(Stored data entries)
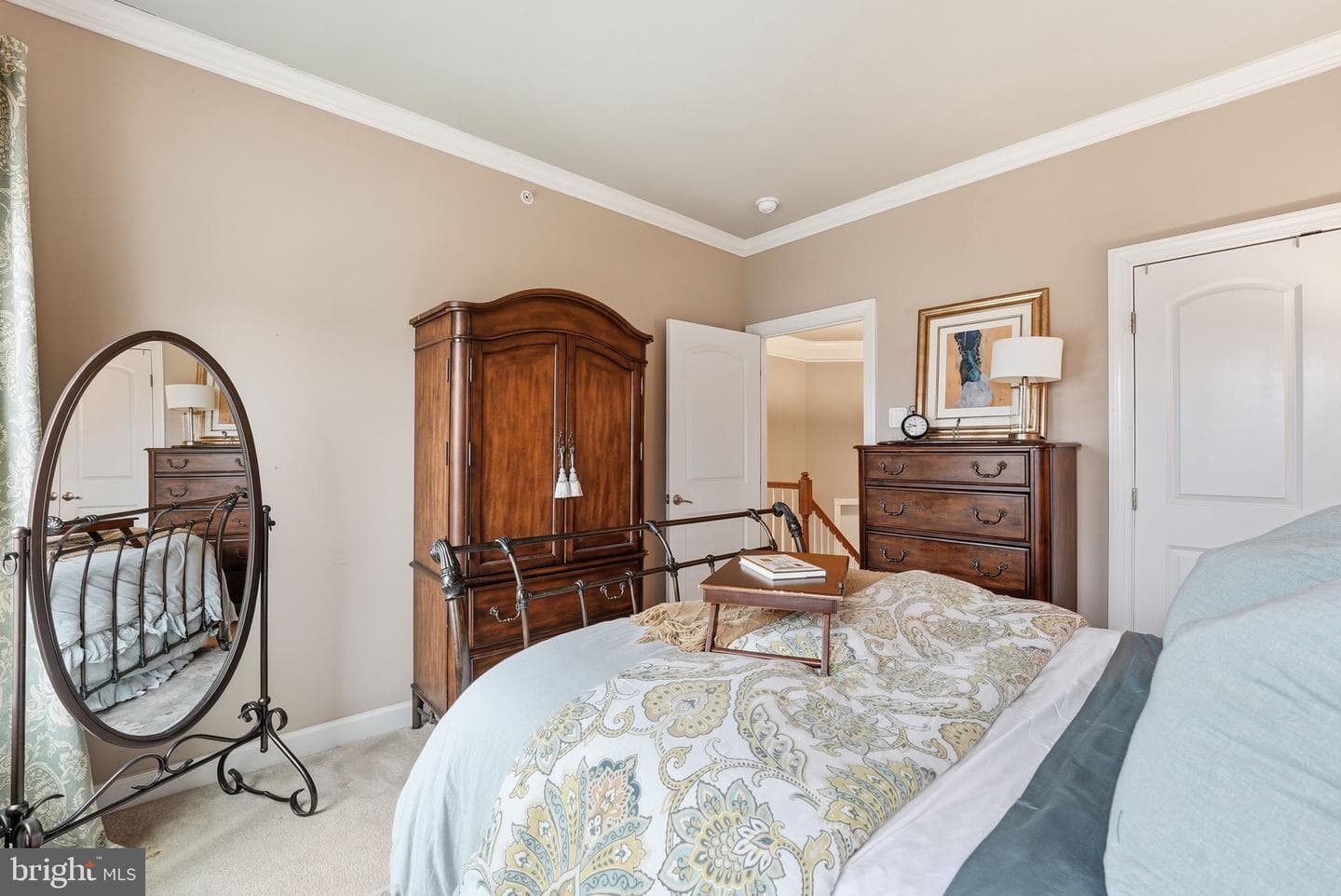 15304 Camberley Place photo 40
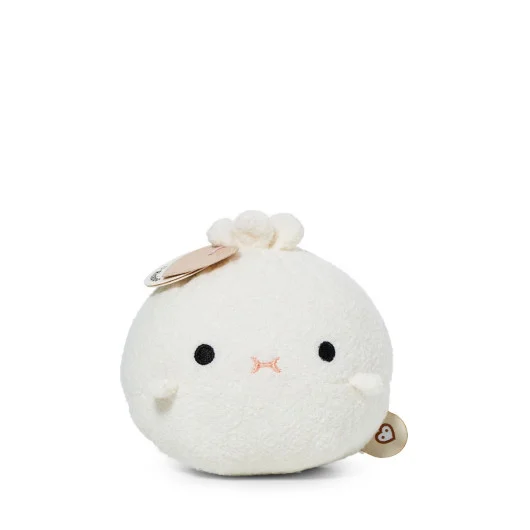 Ricebao Mini Sitting Plush Toy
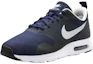 Buy Nike Air Max Tavas ''Blauwe Gel'' 705149-401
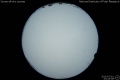 2015/7/1 03:45’08”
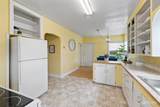 9507 269th Place - Photo 7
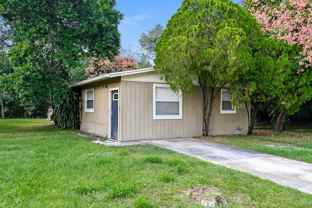 126 Alder Ave - Photo 1 of 1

* **YOUR ASSIGNMENT**
Print, please, exactly the lines from the one holding "9507 269th Place - Photo 7" through the final line of the data, both included, while leaving out each picture.

* **TASK SOLUTION**
 9507 269th Place - Photo 7
 126 Alder Ave - Photo 1 of 1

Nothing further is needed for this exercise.